> [Assigned task]: All pictures are to be excluded when the data below is output verbatim.

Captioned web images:
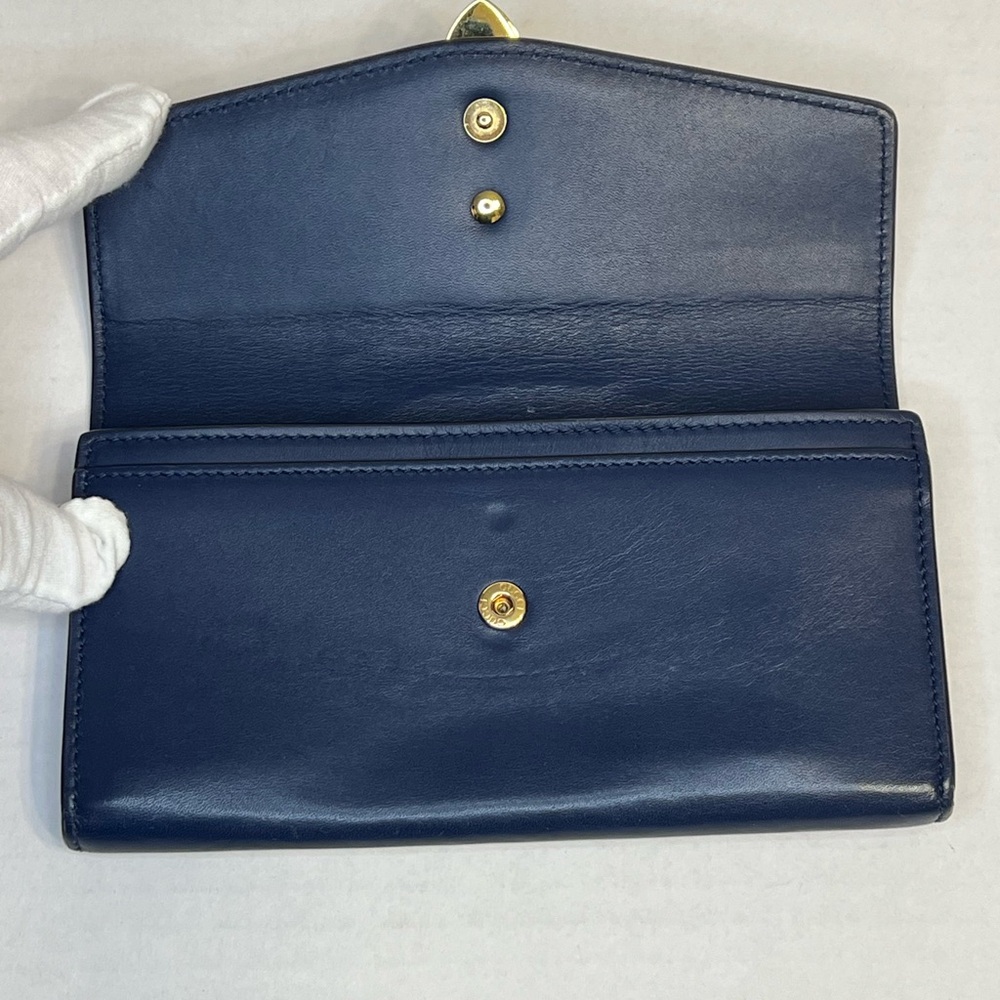 Gucci Sylvie Continental Wallet in blue‎ calfskin leather. - Picture 7 of 14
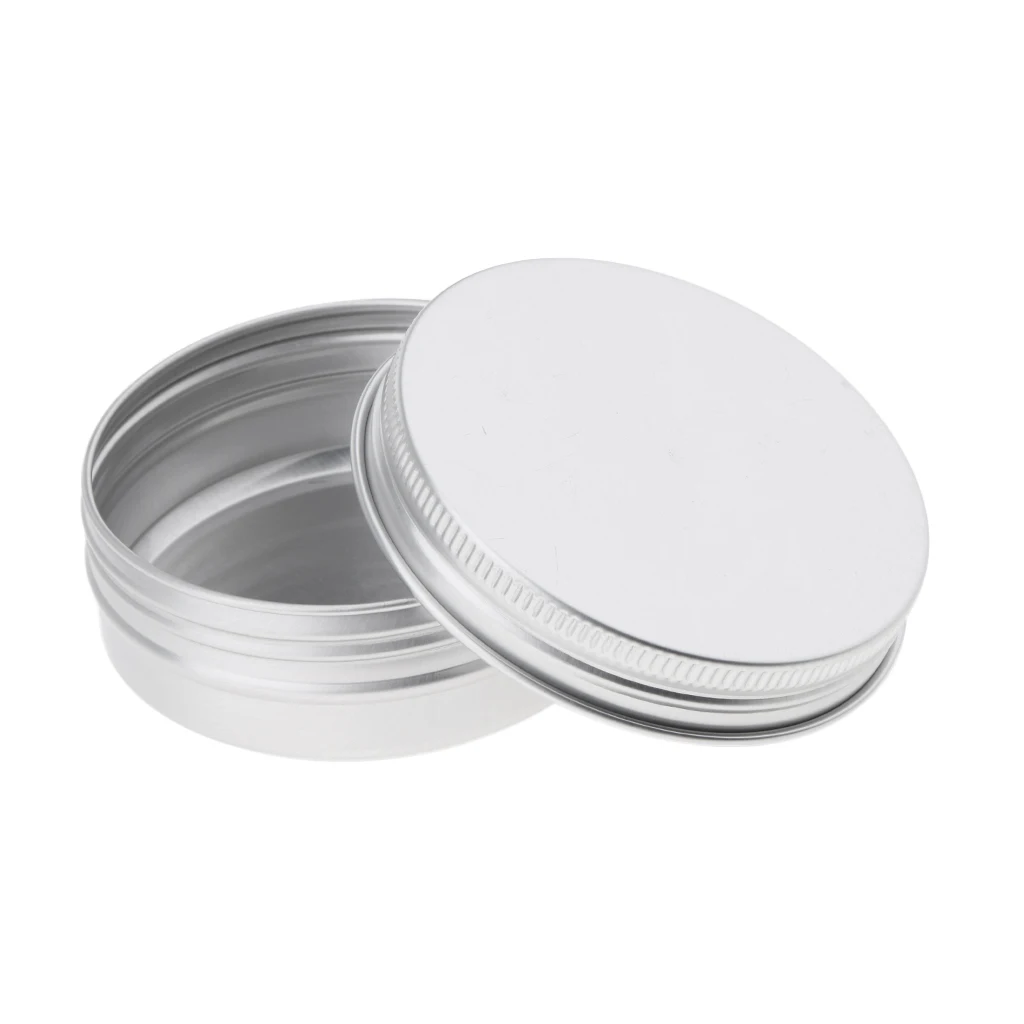 60ml Empty Aluminium Cosmetic Pot Jar Tin Container Box Screw Lid Can Bottle Case Craft Lot - Silver Colors (8 Pack)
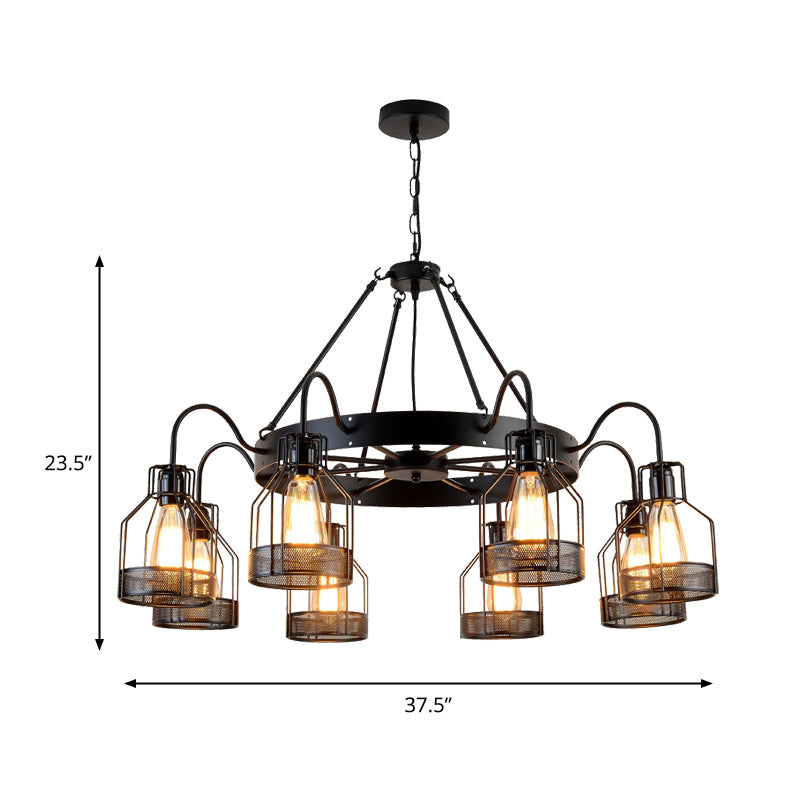 Farmhouse Black Metal Chandelier Light Fixture - 6/8 Heads Bell Hanging Lamp with Cage Style Frame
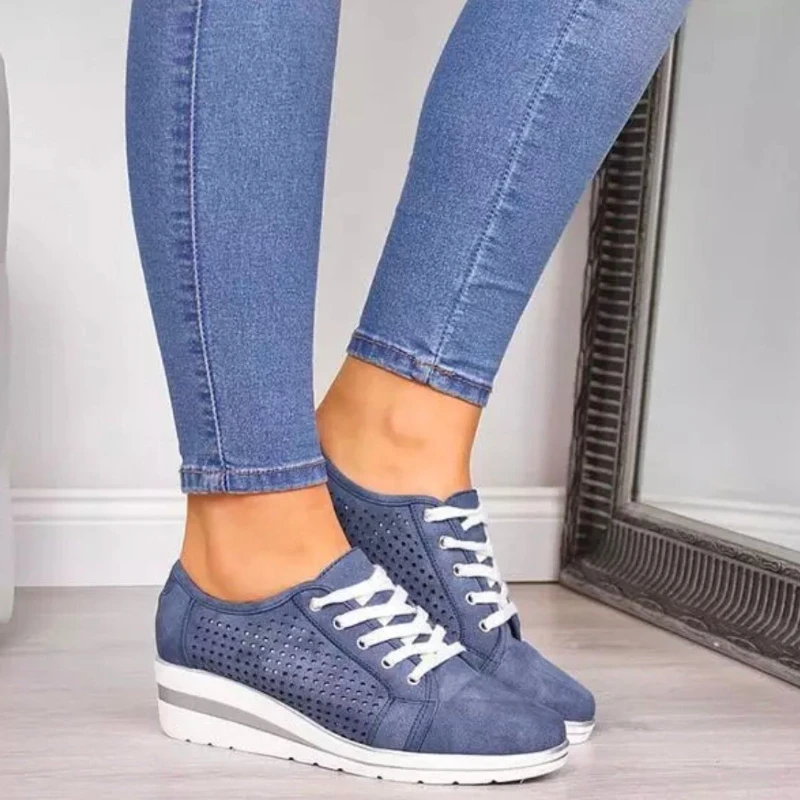 

Women Shoes Summer Hollow Breathable Shoes for Women 2023 New Leisure Platform Wedges Vulcanized Casual Sneakers Chaussure Femme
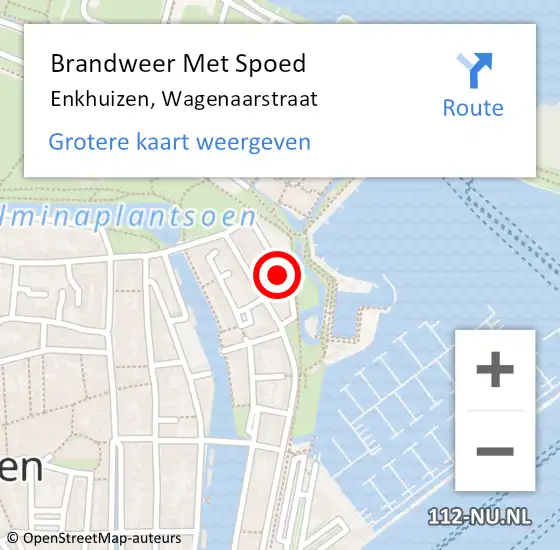 Locatie op kaart van de 112 melding: Brandweer Met Spoed Naar Enkhuizen, Wagenaarstraat op 26 augustus 2015 22:11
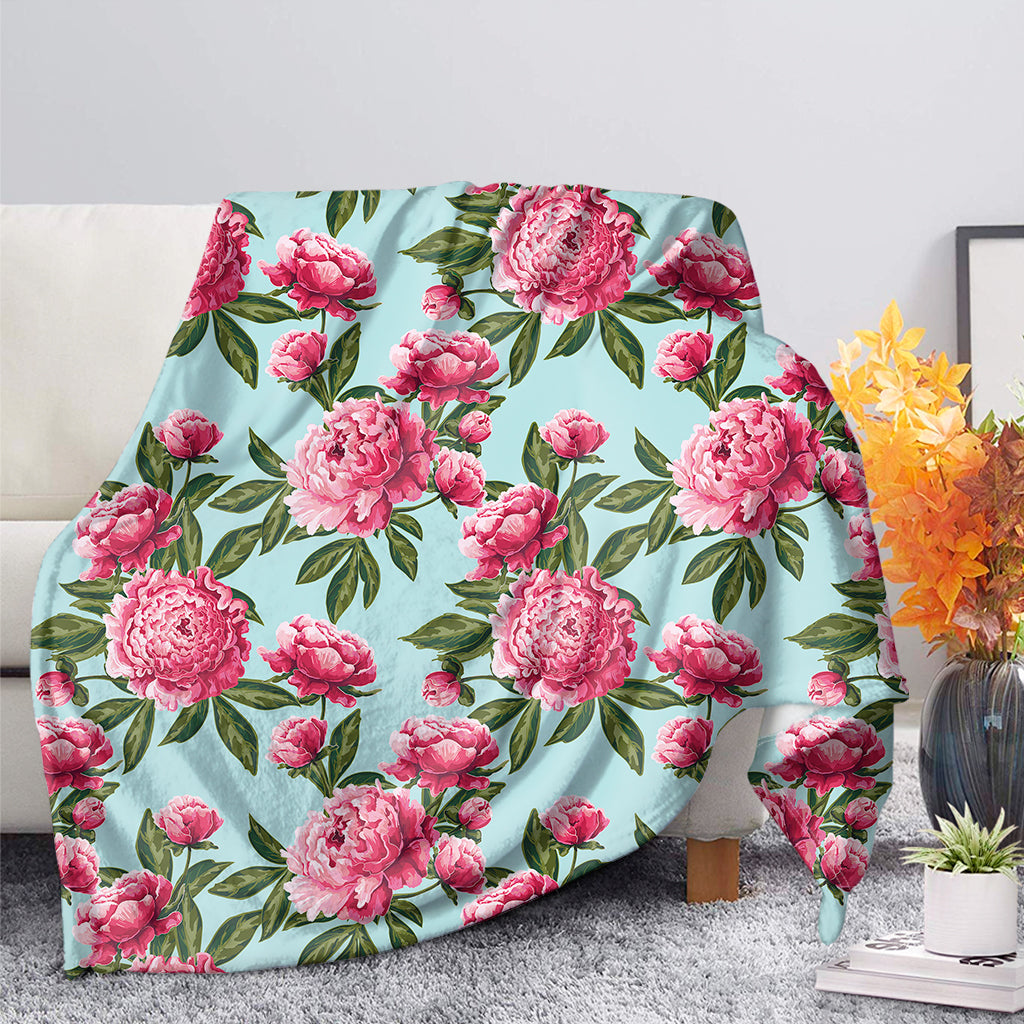 Pink Peony Pattern Print Blanket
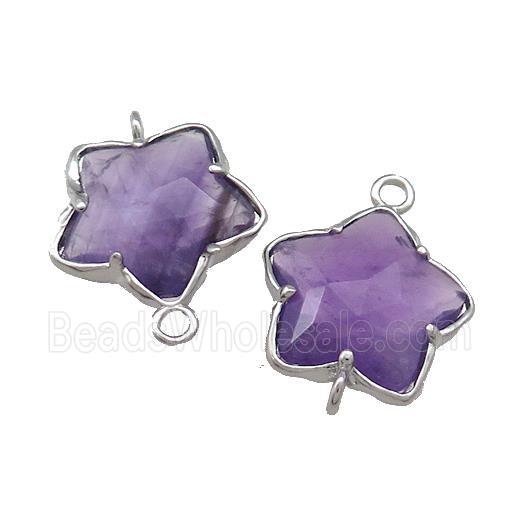 Purple Amethyst Flower Connector Platinum Plated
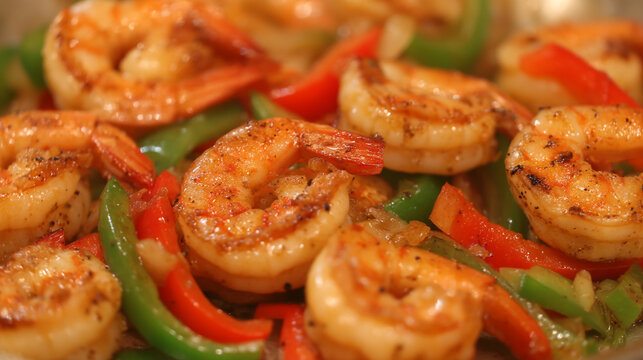 Close up of saut&eacute;ed shrimp with bell peppers bell pepper saut ed vegetable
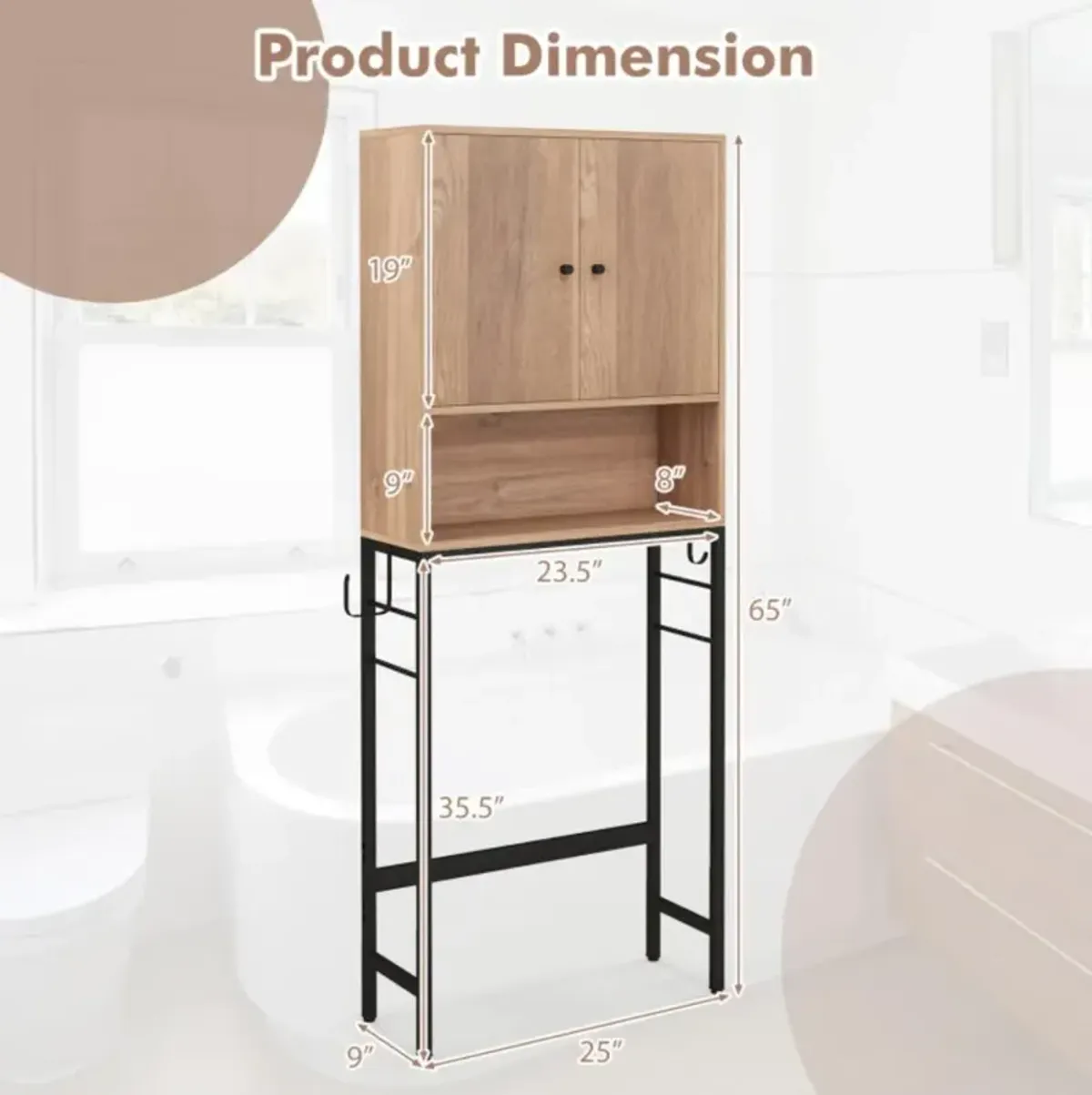 Hivvago Over The Toilet Storage Cabinet with 2 Doors and Adjustable Shelf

> [Solution for this problem]:
 Gucci Sylvie Continental Wallet in blue‎ calfskin leather. - Picture 7 of 14
 60ml Empty Aluminium Cosmetic Pot Jar Tin Container Box Screw Lid Can Bottle Case Craft Lot - Silver Colors (8 Pack)
 Farmhouse Black Metal Chandelier Light Fixture - 6/8 Heads Bell Hanging Lamp with Cage Style Frame

Women Shoes Summer Hollow Breathable Shoes for Women 2023 New Leisure Platform Wedges Vulcanized Casual Sneakers Chaussure Femme
 Locatie op kaart van de 112 melding: Brandweer Met Spoed Naar Enkhuizen, Wagenaarstraat op 26 augustus 2015 22:11
 Pink Peony Pattern Print Blanket
 Purple Amethyst Flower Connector Platinum Plated
 Close up of saut&eacute;ed shrimp with bell peppers bell pepper saut ed vegetable
 Hivvago Over The Toilet Storage Cabinet with 2 Doors and Adjustable Shelf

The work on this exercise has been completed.